Despite all this, in Defendant’s
Reply Defendant confusingly argues that even if 314 E Garvey were Liu’s place
of business, service was not proper because the crucial question is whether
service was proper where Plaintiff served an unknown individual at a location
that housed several other businesses where there is no indication that the
individual ever informed Liu of service.
Therefore, the Court
will hear argument from the parties about the “usual place of business” of Defendant.
Substituted Service –
Person Apparently in Charge of his or her office, place of business
The proof of service
pertaining to Defendant, Yinming Liu, states that Defendant was substitute
served at “314 E Garvey Ave Monterey Park, CA 91755.”
Further, Plaintiff’s
proof of service checks a box for substituted service via business to “a person
at least 18 years of age apparently in charge at the office or usual place of
business of the person to be served.” The proof of service also indicates that
the documents were left with “Jane Doe – Angela, refused last name (Gender: F
Age: 35 Height : 6’0” Weight: 120 Race: Asian American Hair: Black Other: Hazel
Eyes) Manager.”
Under CCP § 415.20(b),
substitute service is effectuated when:
If a copy of the summons and complaint cannot
with reasonable diligence be personally delivered to the person to be served,
as specified in Section 416.60, 416.70, 416.80, or 416.90, a summons may be
served by leaving a copy of the summons and complaint at the person’s dwelling
house, usual place of abode, usual place of business, or usual mailing address
other than a United States Postal Service post office box, in the presence of a
competent member of the household or a person apparently in charge of his or
her office, place of business, or usual mailing address other than a United
States Postal Service post office box, at least 18 years of age, who shall be
informed of the contents thereof, and by thereafter mailing a copy of the
summons and of the complaint by first-class mail, postage prepaid to the person
to be served at the place where a copy of the summons and complaint were left.
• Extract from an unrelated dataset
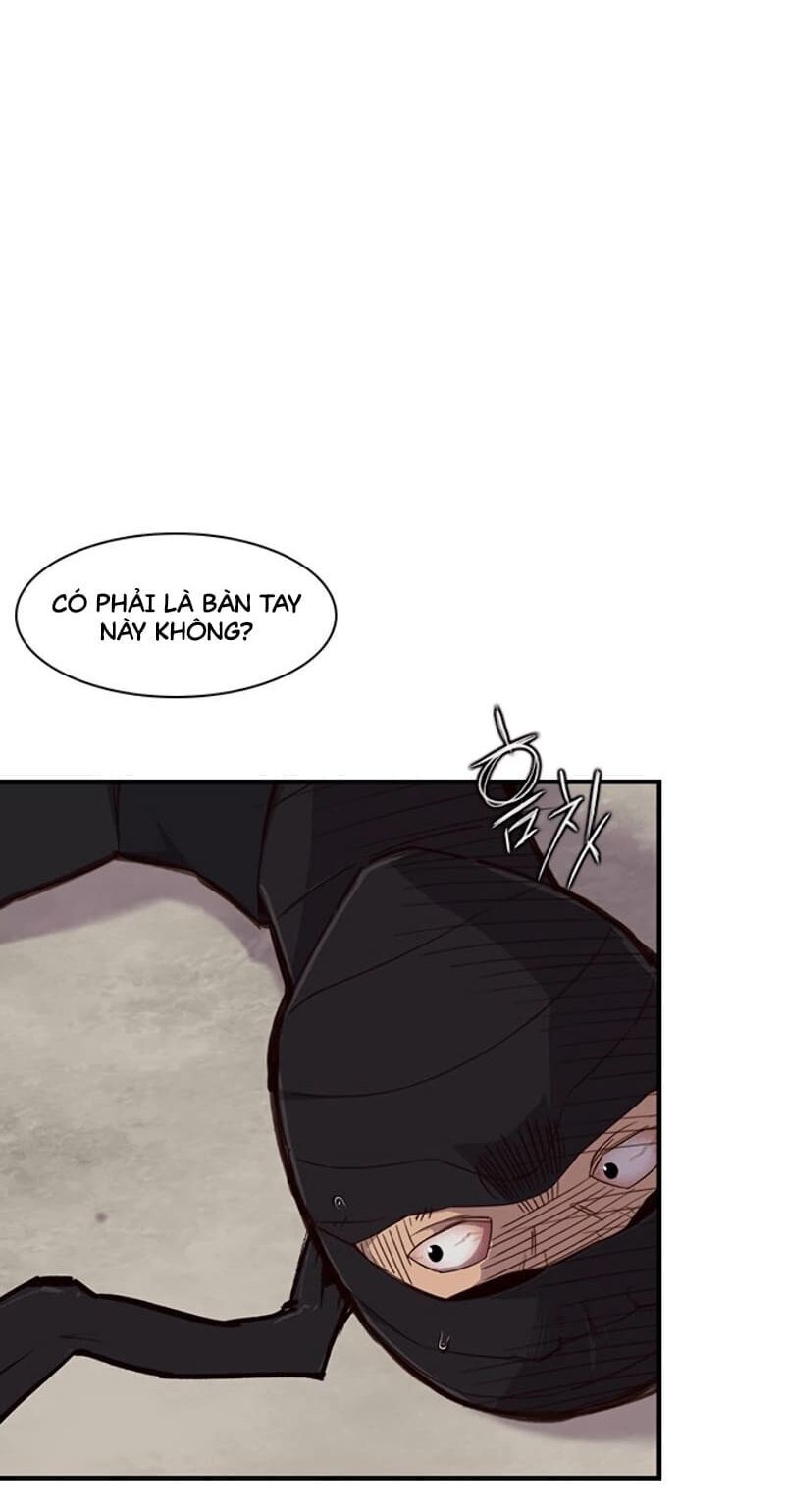 đọc truyện Kẻ Mạnh Nhất Lịch Sử Chương 11 ảnh 80 tại Thiên Thai Truyện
Service of a summons in this manner is deemed complete on the 10th day after
the mailing.
(CCP § 415.20(b).)
Defendant argues that the
individual who was served on Defendant’s behalf is not an individual with whom
Liu had any personal or business relationship.
Further, in relevant
part, Liu’s declaration states:
2. Plaintiff Guisheng Xu, states that service of
a Summons and Complaint was affected [sic]by substitute service on me on August
27, 2024. Plaintiff claims that substitute service was made by serving on one
Jane Doe – “Angela” -- who refused to provide her last name, who held a
position as a “Manager.” I do not know this individual nor do I have any
personal or business relationship with her.
3. The address of 314 Garvey Avenue Monterey
Park, CA 91755 is a small building with several businesses at that location,
and it is not my place of business. The building does not have any front desk
person or onsite management office. The corporate defendant First Stop Auto LLC
is a dormant entity with no revenue, employees, or operations. It does not have
any manager, employees, or representatives at that address.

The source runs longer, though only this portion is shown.